### [WHAT IS BEING ASKED]
Once the pictures are set aside, reproduce all of the records exactly.
---- DATA EXTRACT
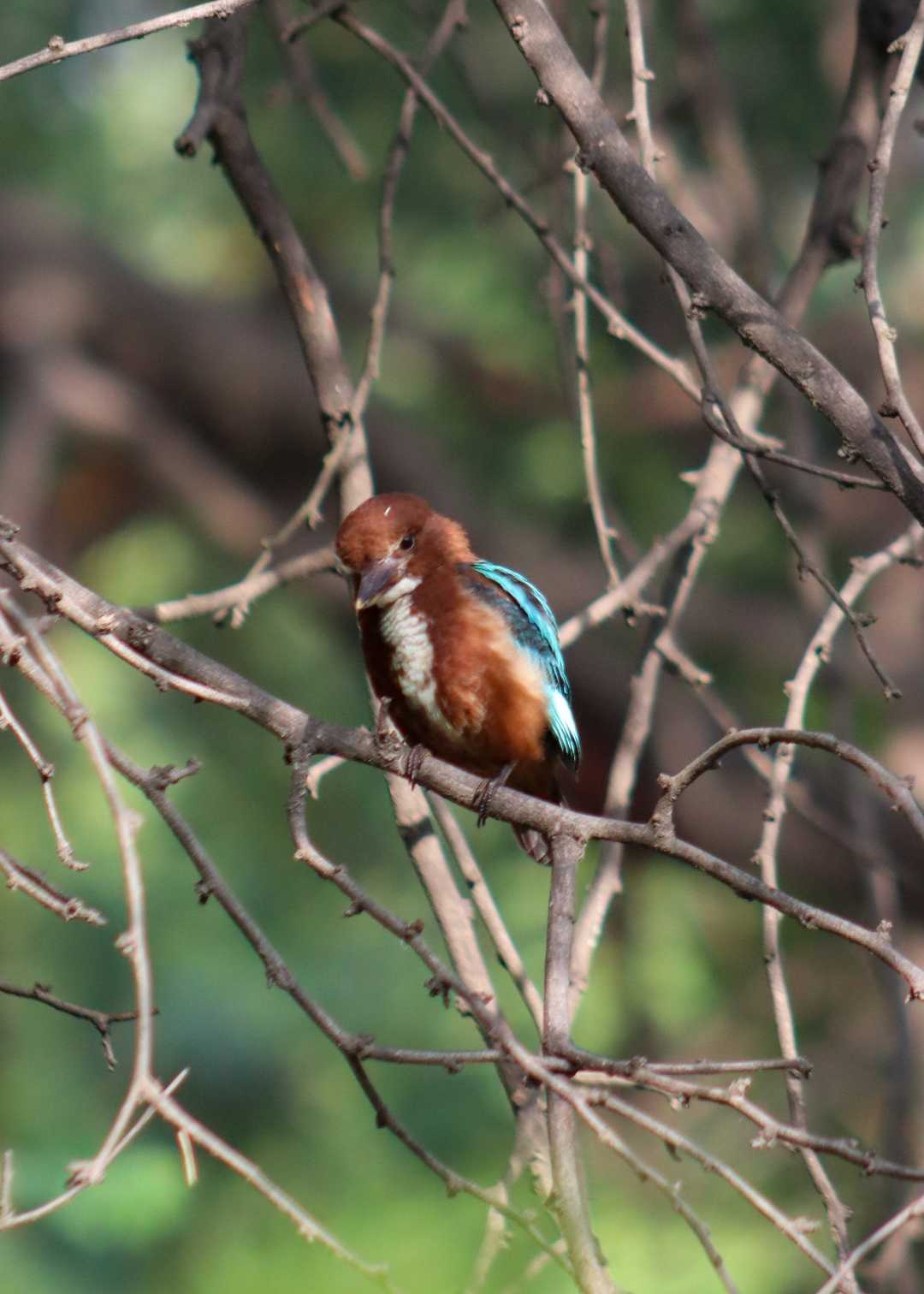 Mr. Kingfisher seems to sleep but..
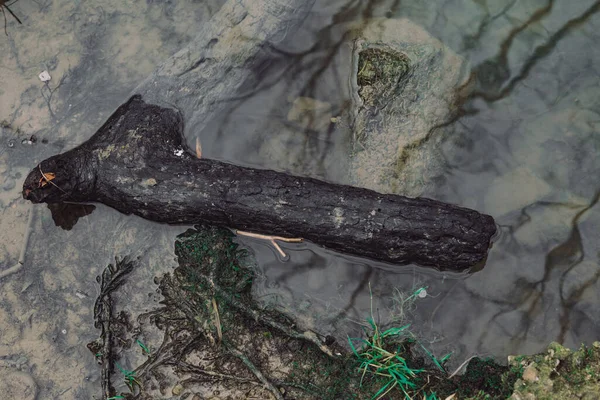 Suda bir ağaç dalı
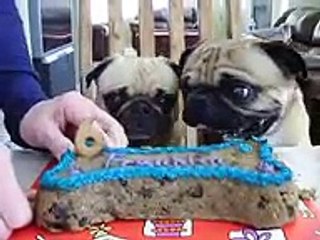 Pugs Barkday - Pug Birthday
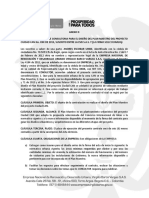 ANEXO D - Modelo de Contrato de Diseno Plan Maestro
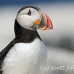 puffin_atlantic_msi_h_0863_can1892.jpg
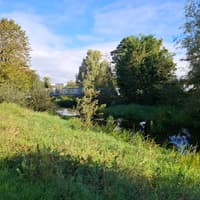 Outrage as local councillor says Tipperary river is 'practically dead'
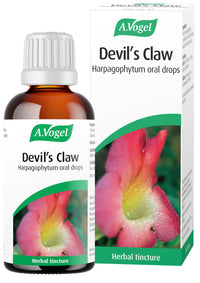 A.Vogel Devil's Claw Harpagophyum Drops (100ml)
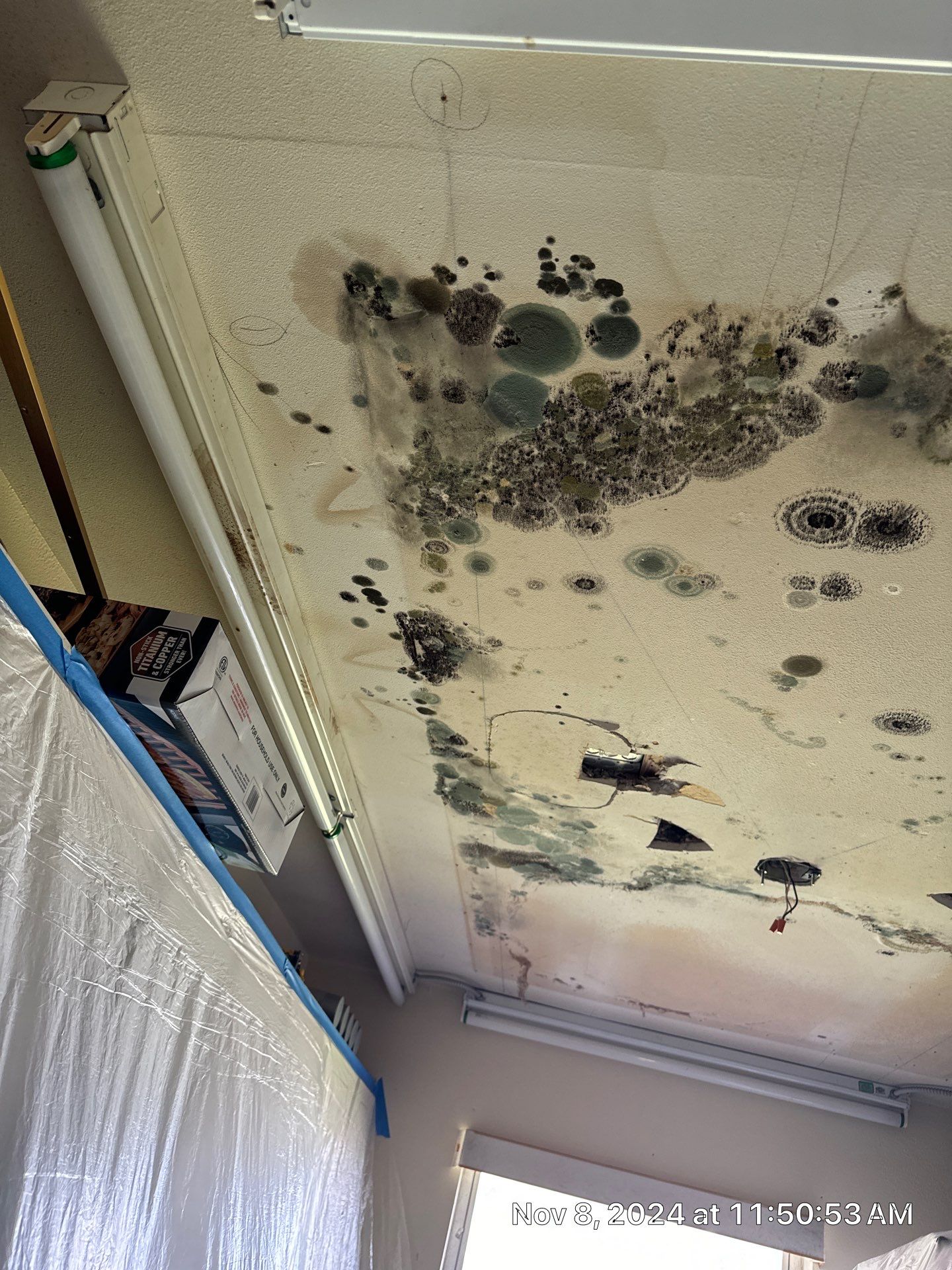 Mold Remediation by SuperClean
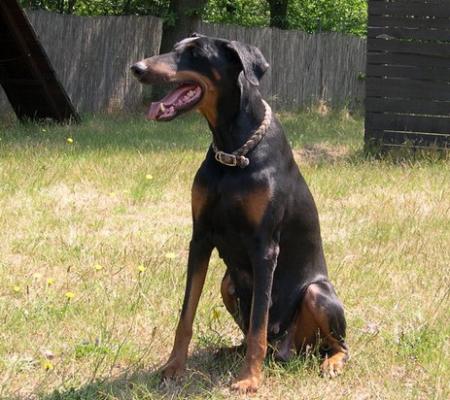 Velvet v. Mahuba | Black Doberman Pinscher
--------
### [EXERCISE RESPONSE]
 Mr. Kingfisher seems to sleep but..
 Suda bir ağaç dalı
 Pugs Barkday - Pug Birthday
 ANEXO D - Modelo de Contrato de Diseno Plan Maestro
 puffin_atlantic_msi_h_0863_can1892.jpg
 Outrage as local councillor says Tipperary river is 'practically dead'
 A.Vogel Devil's Claw Harpagophyum Drops (100ml)
 Mold Remediation by SuperClean
 Velvet v. Mahuba | Black Doberman Pinscher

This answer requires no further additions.